もうチョットで日曜画家 (元海上自衛官の独白)

技量上がらぬ故の腹いせにせず。更にヘイトに堕せずをモットーに。

台湾総統選に注目

2023年05月18日 | 中国

 台湾総統選の主要候補が出揃ったことが報じられた。

 祭総統路線を継承する与党「民主進歩党」の頼清徳氏、中道野党「民衆党」の柯文哲氏は既に出馬が報じられていたが、焦点の最大野党「国民党」は侯友宜(現、新北市長)氏を指名した。
 台湾総統選の最大の争点は対中・対米政策であり、頼清徳氏は「現状維持(台湾は既に実質的な独立国)」、柯文哲氏は「親中・親米でない第3極」、侯友宜氏は「?(沈黙)」とされている。
 これまで国民党の候補者は、鴻海精密工業の創業者である郭台銘氏が大本命と報じられていたが、祖先の墓参のために訪問した中国でのあからさまな「一つの中国容認行動」が党大会で指名を得られなかった大きな要因であるように思える。従来から国民党は蒋介石・馬英九前総統に代表されるように「中国との統一」を党是としているが、蒋一族の標榜していた台湾(中華民国)による大陸征服が非現実化した今では「一国二制度」による中国同化に変化している。しかしながら、郭台銘氏が指名獲得競争で敗北した背景には、里帰りの地で見せた「中国本土こそが父祖の地」とする望郷情念も本省人の高齢化や台湾2世・3世世代の台頭から次第に・急速に希薄となりつつある現状からではないだろうかと推測している。
 現在の支持率世論調査では、頼清徳氏35.8%、侯友宜氏27.6%、柯文哲氏25.1%とされているが、近年の民主進歩党と国民党による2択対立に嫌気の差した無党派層の動向が鍵になるとされている。
 政治家としての経験豊富な頼清徳氏、警察官僚出身で外交未経験のみならず対中姿勢も明確に述べ得ない侯友宜氏、医師で既成制勢力とのしがらみがないとされる柯文哲氏、来年1月の総統選で台湾国民はどのような選択をするのだろうか。

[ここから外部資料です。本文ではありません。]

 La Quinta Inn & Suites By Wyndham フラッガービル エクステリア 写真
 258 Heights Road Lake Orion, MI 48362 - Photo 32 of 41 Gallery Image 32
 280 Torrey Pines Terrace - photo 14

 先日、駅前でビラ配りをしている老人集団があった。ビラは日本の右傾化を阻止する市民団体の名を借りた共産党の主張であったが、おそらく配っている人達は若年時からの思想を固持し続ける老闘士であろうと思った。そのような人とは別に、共産党には党首公選制を広言して除名された老闘士もいる。
 変わることが良いのか?、変わらないのが良いのか?
 高齢者と雖も、現状維持を言い立てる頑迷固陋な小言幸兵衛でい続けるのか?、時代の変革に応じて豹変すべきか?考えさせられる総統選とビラ配りの一幕。